For those who love small streams, wild trout, and life...in their simplest form
Saturday, July 5, 2014
As a fly tyer I have attempted to tie many different styles and patterns. From streamers to wets, to dries, and nymphs, I can pretty much tie a good representation of the fly I have chosen to duplicate. Some of the most problematic flies to tie for me are Catskill style dry flies. These flies are a joy to look at with their crisp lines and delicate hackles. The classic Atlantic salmon fly is another fly that is a nightmare for me to tie. Most other types of flies I can do an adequate job, and the fly will work and catch a fish or two.

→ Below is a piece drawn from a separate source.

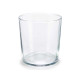 SET 4 BICCHIERI BISTRO PINTA 380CC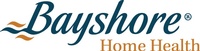 Bayshore Home Health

The flies I fish most are dry flies. I'll fish these floaters at any time of the year, and most times they will bring a fish to the surface. My fly box has a variety of dry flies, Catskill, Wulffs, Bombers, Beetles, Ants. Theses flies along with those wonderful "parachutes" are the core of my fly box.
I don't know if this is true but I read somewhere that the parachute dry fly was created in Detroit in the 1930's by William Bush. I think I started seeing them in fly shops in the late 70's or early 80's. Well whenever it was I purchased some and was happy with the way they represented themselves. When I attempted to tie this type of fly it was as if I had 3 left hands and no vision. The flies were awful. They would land upside down, float sideways, twist the leader until it was rendered useless. After many years of trying I gave up tying parachutes. I now buy the few patterns and sizes I fish. These flies work, and very well.
Parachute sulphur patterns. I bought these at LL Bean. They have an orange body and a yellow body. I have them in size 14 and 16
The Adams parachute. One of the very best dry flies out there. This fly can save most any angling outing. I have them in size 12 to 18.
"Mr. Rapidan", this fly was created by Harry Murray of Virginia.